When Terri McPhail first heard the dogs barking, “going crazy,” she thought nothing of it. Dogsitting at a friend’s secluded house in Anmore, she knew the area was full of wildlife, but when the dogs wouldn’t stop, the Port Coquitlam resident realized something was off.
“I didn’t want to go out and face an intruder,” she told The Tri-City News. “So I waited about two minutes before going to the driveway.”
Outside she found the doors of her red Ford Escape wide open and thought, “That’s odd.” Upon closer inspection, the door handles were covered in a thick slobber; inside on the driver’s seat, she found a large paw print, evidence of the budding burglar.
Four days later, McPhail was finally able to review the security camera footage with the returned owner of the house. In the video, a black bear wanders into the frame, saunters up to the red car, rears up on his hind legs and lifts the door handle first try.

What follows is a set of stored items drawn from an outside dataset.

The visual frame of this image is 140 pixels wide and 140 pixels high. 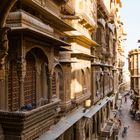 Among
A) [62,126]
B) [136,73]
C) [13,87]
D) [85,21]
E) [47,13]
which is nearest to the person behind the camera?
[13,87]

“It basically took about two minutes for the bear to wander from one side of the drive way, root through the car and walk off,” said McPhail, noting the bear came around to the other side of the vehicle and opened the passenger door in the similar nonchalant movement. “I had no food in there. I don’t know what it was after.”
McPhail said she’s heard all the warnings of bears ripping doors off vehicles to get inside and said she’s just glad her experience involved a “nice, considerate bear.”
On the other hand, she also says she has learned from the experience.
“I have a new perspective on why I should keep the house doors locked,” she said.